A friend of mine in Divinity school told his story. He was a person of color. He was also Gay and had been shunned from his church once he publicly stated this fact. He knew that he was a child of God but lost hope of finding a community that saw him as that child. He was walking down the street one Sunday and saw a church with open doors and music that beckoned him to enter. He was greeted warmly and accepted and ultimately joined that community.

But the question: “What kind of healing and hope do we come to religion seeking?” is the elephant in the room. People are seeking other means other than religion to heal their pain and find a sense of belonging! Substance abuse. The Internet. Clubs. Conspiracy theorists. Just to name a few. Have we lost touch with an entire generation because we did not offer the kind of hope and healing they needed?

Our text this morning invites us to think about what our communities offer to those in pain, those seeking healing and touch: How are we reaching out to people in pain? Are we acknowledging those suffering in our preaching and worship? In what ways are we stigmatizing certain kinds of pain? How are we promoting physical health, wholeness, and healing? Are we seeking hope and healing for ourselves for if we are not healthy we cannot heal others? These are all questions worth our time and effort in answering.
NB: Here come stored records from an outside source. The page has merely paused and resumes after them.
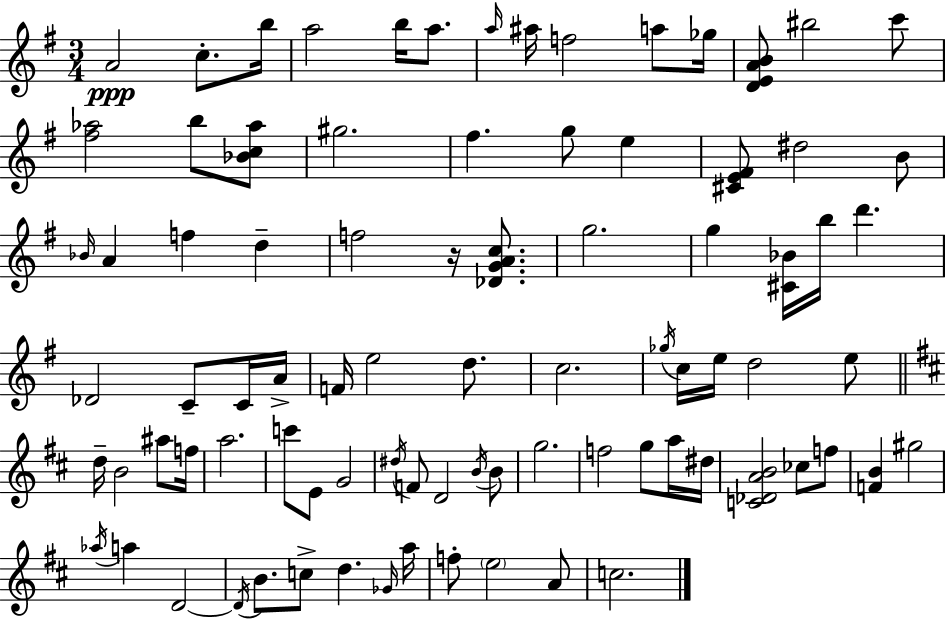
{
  \clef treble
  \numericTimeSignature
  \time 3/4
  \key e \minor
  a'2\ppp c''8.-. b''16 | a''2 b''16 a''8. | \grace { a''16 } ais''16 f''2 a''8 | ges''16 <d' e' a' b'>8 bis''2 c'''8 | \break <fis'' aes''>2 b''8 <bes' c'' aes''>8 | gis''2. | fis''4. g''8 e''4 | <cis' e' fis'>8 dis''2 b'8 | \break \grace { bes'16 } a'4 f''4 d''4-- | f''2 r16 <des' g' a' c''>8. | g''2. | g''4 <cis' bes'>16 b''16 d'''4. | \break des'2 c'8-- | c'16 a'16-> f'16 e''2 d''8. | c''2. | \acciaccatura { ges''16 } c''16 e''16 d''2 | \break e''8 \bar "||" \break \key b \minor d''16-- b'2 ais''8 f''16 | a''2. | c'''8 e'8 g'2 | \acciaccatura { dis''16 } f'8 d'2 \acciaccatura { b'16 } | \break b'8 g''2. | f''2 g''8 | a''16 dis''16 <c' des' a' b'>2 ces''8 | f''8 <f' b'>4 gis''2 | \break \acciaccatura { aes''16 } a''4 d'2~~ | \acciaccatura { d'16 } b'8. c''8-> d''4. | \grace { ges'16 } a''16 f''8-. \parenthesize e''2 | a'8 c''2. | \break \bar "|."
}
Jesus’ touch of the leper was an outrageous act. By doing it, he signaled that these people (probably a mixture of people with everything from psoriasis, boils, to simple eczema), were not outside the kin-dom of God, nor should they be outside the love of the community itself. They are family, worthy of touch and inclusion.

The text also invites us to consider the ways our communities exclude others, the boundaries we create, the boundaries we transcend. The leper was considered unclean. It does make sense that a community would fear a person with a skin disease. What if it were contagious? Communities create boundaries for good reasons, for self-preservation and to create a strong sense of identity and purpose. The problem is when our boundaries go unchecked and unquestioned. Are there boundaries we need to question or check?

Jesus crosses social boundaries in every way imaginable. Jesus teaches us that the boundaries we thought were helping us might actually be hurting us and hurting others. Look around our community, who is missing? How are our community standards including or excluding people who long to belong? What kind of outrageous/courageous act can we do? How about LOVE—share the love of God that is in you with all those in pain! Give the healing touch to all in need of hope!

We are all treasured by God.

We are beautiful.

We belong.

How can we help people feel this deeply?